New Lower Bounds for Matching Vector Codes

by Abhishek Bhowmick, Zeev Dvir, and Shachar Lovett.

Oded's comments

I feel that the relation between upper bounds on Matching Vectors (MV) and lower bounds for Locally Decodable Codes (LDC) is not sufficiently clarified in the paper, and I wish to try to clarify it.

The foregoing relation refers to a specific method of constructing LDC (based on MV), which was used in all recent improvements regarding (constant-round) LDC (starting with Sergei Yekhanin's work).
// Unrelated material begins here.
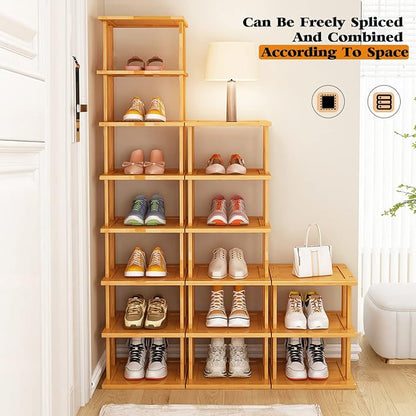 SAN HE Bamboo Shoe Rack 17 Tier- Vertical Shoe Rack - Image 3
The general MV framework refers to a sequence of $K$ distinct $n$-ary vectors over $Z_m$ such that the inner product of two vectors equals zero if and only if these vectors are identical. Such a sequence yields an $m$-query LDC mapping $K$-bit strings to sequence of length $N=m^n$. Thus, upper bounds on $K$ as a function of $n$ (and $m$), yield lower bounds on $N$ in terms of $K$.

The MV framework has two instantiations. The generic one is just as described above. However, better LDC can be obtained by a more refined method that also refers to algebraic properies of the set $S$ that contains all values of inner products of different vectors; that is, one can always use $S=Z_m^*$, but better results are obtained when $S$ is smaller, and more so when it has a certain algebric structure. In these cases, the number of queries may be $|S|$ or even smaller.
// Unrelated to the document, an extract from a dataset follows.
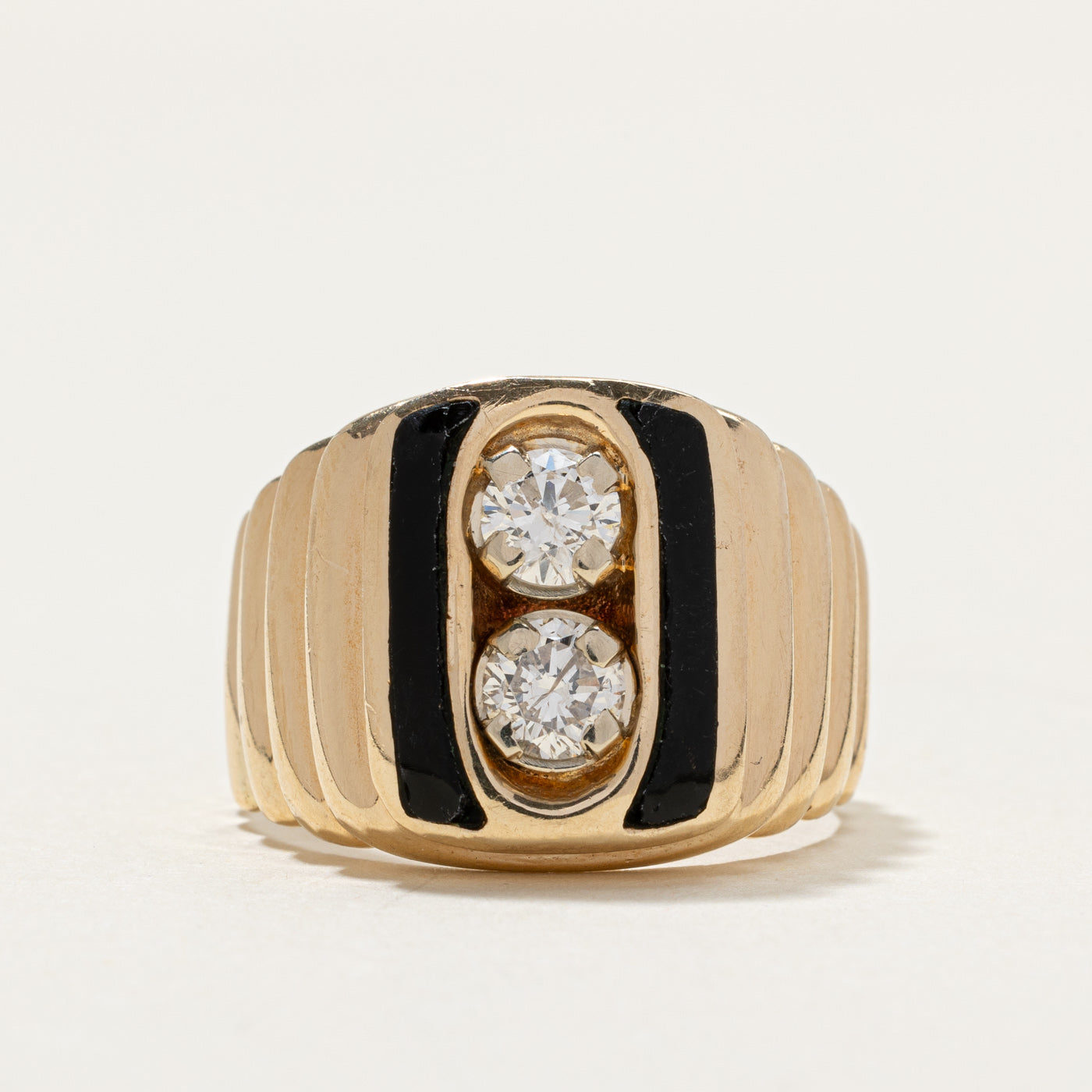 Two Stone Diamond Column Grooved Ring | 0.72ctw | SZ 8.25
The refined method is crucial for Sergei's work, since he used varying/growing values of $m$ (Mersenne-primes) but needs the number of queries to remain fixed (e.g., three). In contrast, Klim Efremenko fixes $m$ (e.g., $m=511$), and could have gotten a subexponentially long LDC also by the generic method, but such a LDC would have used 511 queries rather than three queries. (Actually, he could have had 15 queries with $m=15$.)

The current paper obtains lower bounds on constant-query LDCs that may be constructed by the generic MV method. Such a generic construction must have $m=O(1)$, which allows to treat $f(n)+c(m)$ as $f(n)$ and $c(m)f(n)$ as $O(f(n))$. Thus, $K < m^{(n/2)+O(log m)}$ yields $N > K^{2-o(1)}$, whereas $K < m^{c(m)(n/log n)}$ yields $N > K^{Omega(loglog K)}$. Indeed, the first example corresponds to an unconditional result that is presented in the paper, whereas the second example corresponds to a conditional result (i.e., a result that is based on a well-known conjecture in additive combinatorics).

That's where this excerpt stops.